На что Рубцов сказал: «Что выражал Лермонтов, я ответить не могу, потому что он — гений. А я всего лишь — талант».
Рубцов, конечно, великий талант, добавил бы я теперь, хотя пропил мою безрукавку, которая, честно говоря, мне очень нравилась. Видимо, понравилась она и ему.
Кстати, о нем еще такой интересный анекдот рассказывали. Когда ему выписали большой гонорар за его книгу «Звезда полей», он попросил, чтобы ему выдали его в мелких купюрах. Получился довольно солидный мешок с деньгами. И вот он с этим мешком приехал в общежитие Литинститута и заперся. Его друзья, желая отметить столь важное событие, ломились в дверь, трясли, стучали: «Николай, Коля, открывай»! А он не открывает. Что-то там делает. Наконец, открыл дверь и выяснилось: он расстелил эти деньги по полу, ходил и разгребал их по частям: это матушке, это — сестричкам, это — еще кому-то, а это — на пропой.
Семь сорок
Одна из памятных страниц моей журналистско-литературной деятельности связана со строительством в Молдавии большого металлургического комбината, где я ощутил себя в полной мере и журналистом и писателем, принимающим участие в каких-то очень важных событиях.
Не обошлось и без курьезов. Первая плавка произошла в семь часов сорок минут, о чем я добросовестно отрапортовал редактору центральной газеты. Он записал. А потом звонит перепуганный ответственный секретарь:
— Слушай, ну ты не мог сказать хотя бы — 7:39? Ну, что это за 7:40? Нас могут не так понять.

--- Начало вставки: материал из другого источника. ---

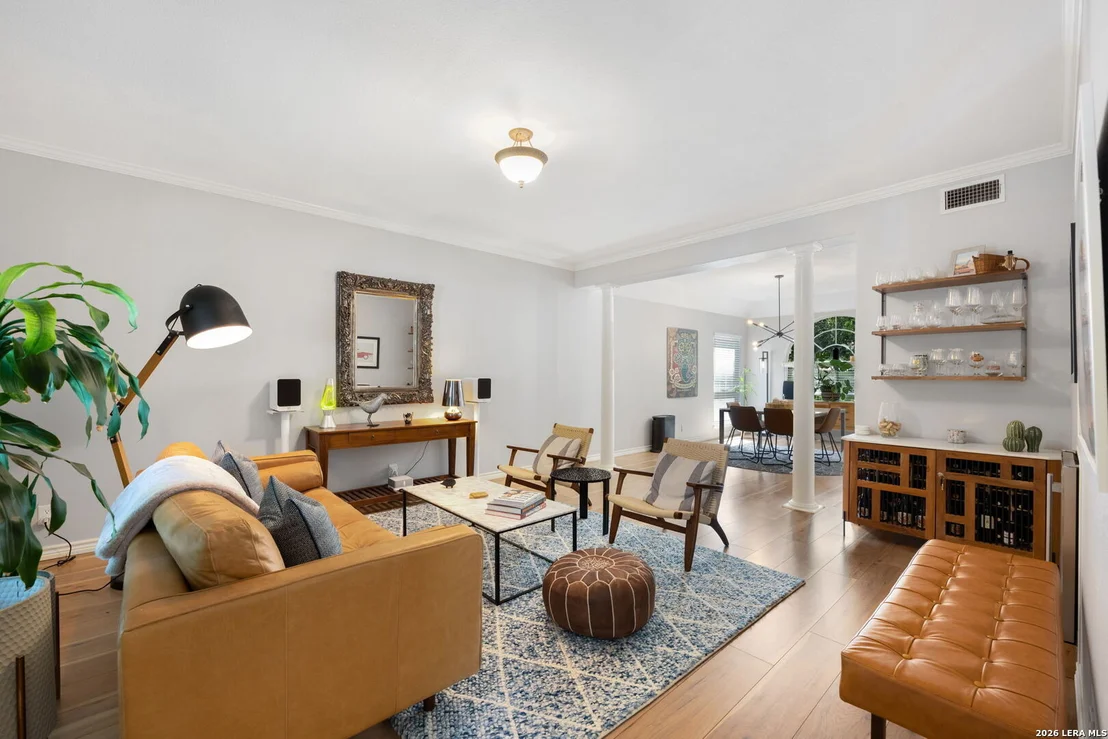 Photo of 15015 OAK BRIAR
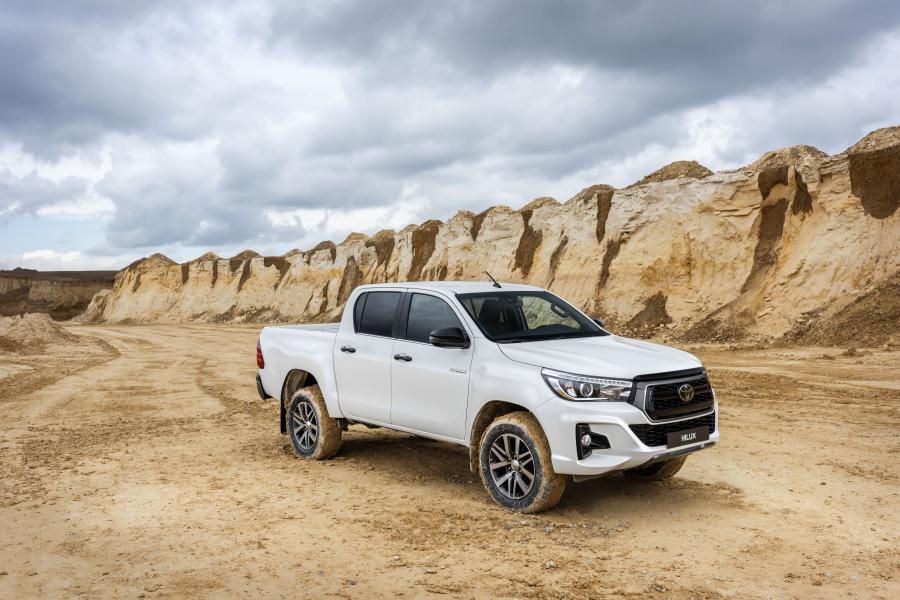 Toyota Hilux Special Edition Double Cab 2019 года  (EU) (фото 19 из 40)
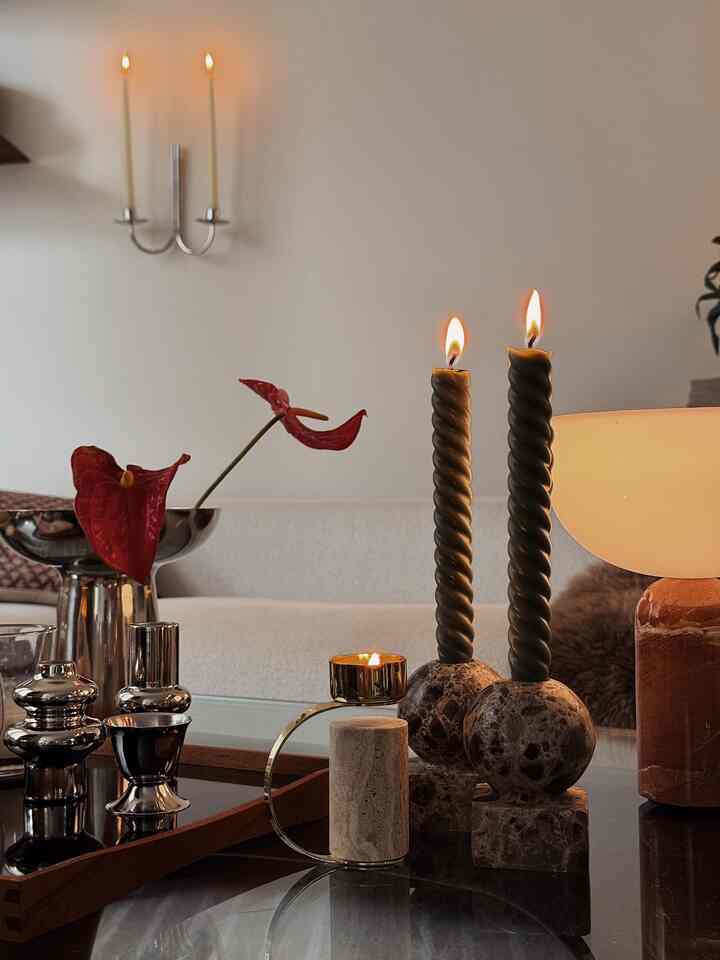 Black & Silver with a Red Accent 🖤🤍♥️


#livingroom #livingroomdecoration #tary #coffeetable #coffeetablestyling #candlestick #candleholder #candlesconce #candle #decoration #homedecor #marble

В общем, цифру скорректировали. Напечатали — 7:39. Во избежание аналогии с популярной песней «Семь сорок».
Возвращаясь к альманаху
Время, конечно, летит. Позади — одиннадцать выпусков.
Одному было бы не одолеть такую дистанцию.
Назову имена тех, кто помогал и помогает мне в меру своих сил и возможностей:
Жена Анна Сквиренко, которая всю жизнь делит со мной все тяготы и невзгоды жены литератора.
Моя дочь — Вероника Бари, которая уже в 19 лет стала членом Союза российских писателей, опубликовав к тому времени уже две книги — «Светкина дурь» и повесть «Казармы и любовь».
В нашем журнале Вероника помимо повести «Я живу в Атланте», опубликовала очень хороший рассказ, который был отмечен в высокой московской литературной прессе Людмилой Овчаренко, доктором филологических наук. Она назвала Веронику Бари в числе самых интересных современных писателей из эмиграции, пишущих на русском языке.
География нашего журнала — Москва, Петербург, Киев, Самара, Кишинев, Минск, Рига. В Америке — Бостон, Нью-Йорк, Сан-Франциско, Атланта.
Журнал наш, увы, — бесприбыльный и безгонорарный.
Одним словом — на любителя.
Вместо послесловия
Совсем недавно я получил обрадовавшее меня сообщение о том, что литературный альманах «На любителя» награжден почетным дипломом Всероссийского литературно-театрального конкурса имени Виктора Розова «за популяризацию произведений русских писателей в диаспорах Дальнего Зарубежья».
Что тут скажешь?
Мне ничего другого не остается как поздравить своего коллегу Геннадия Сквиренко и его помощников со столь приятным событием.